LC_IDENTIFICATION="C"
LC_ALL=
What can I do to fix this problem please?
Syd
OK. Stop right there. *WHY* are you using a 6 year old operating
system for anything you care about? Seriously, if at all possible,
update to CentOS 4.7 at a minimum, preferably 5.3. You'll get much
better international language support.
> However there are some special characters ( u with 2 dots overhead,
> for example) in the data which appear as ? in the linux file created.

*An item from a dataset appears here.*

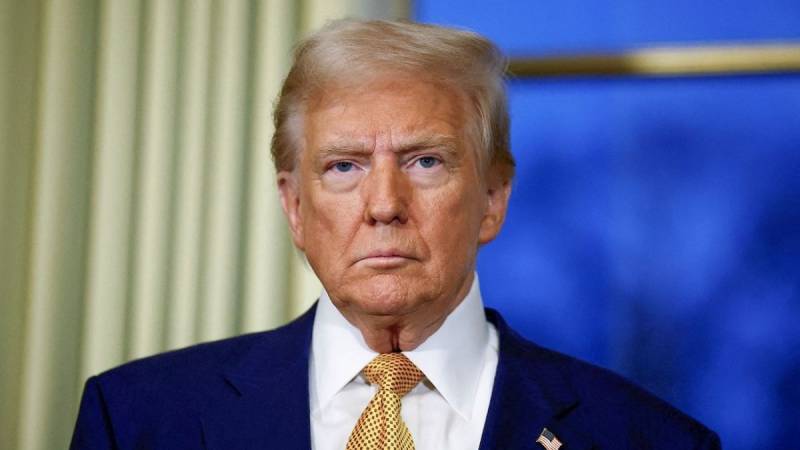  چین اور روس امریکا سے وینزویلا کا تیل خرید سکتے ہیں، صدر ٹرمپ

> I am told the database uses CP 1252, which means the u with 2 dots
> overhead,is character 252,
>
> The output of locale is;
> $ locale
> LANG=C
> LC_CTYPE="C"
> LC_NUMERIC="C"
> LC_TIME="C"
> LC_COLLATE="C"
> LC_MONETARY="C"
> LC_MESSAGES="C"
> LC_PAPER="C"
> LC_NAME="C"
> LC_ADDRESS="C"
> LC_TELEPHONE="C"
> LC_MEASUREMENT="C"
> LC_IDENTIFICATION="C"
> LC_ALL=
>
> What can I do to fix this problem please?
Well, it depends. The strings you are handling are not 7-bit ASCII
text, which is what the 'C' format is generally for, they're
effectively binary data. Treat them as such. If you need them to be
visiable, consider setting your LANG and other settings to German or
whatever language with umlauts they were originally written in.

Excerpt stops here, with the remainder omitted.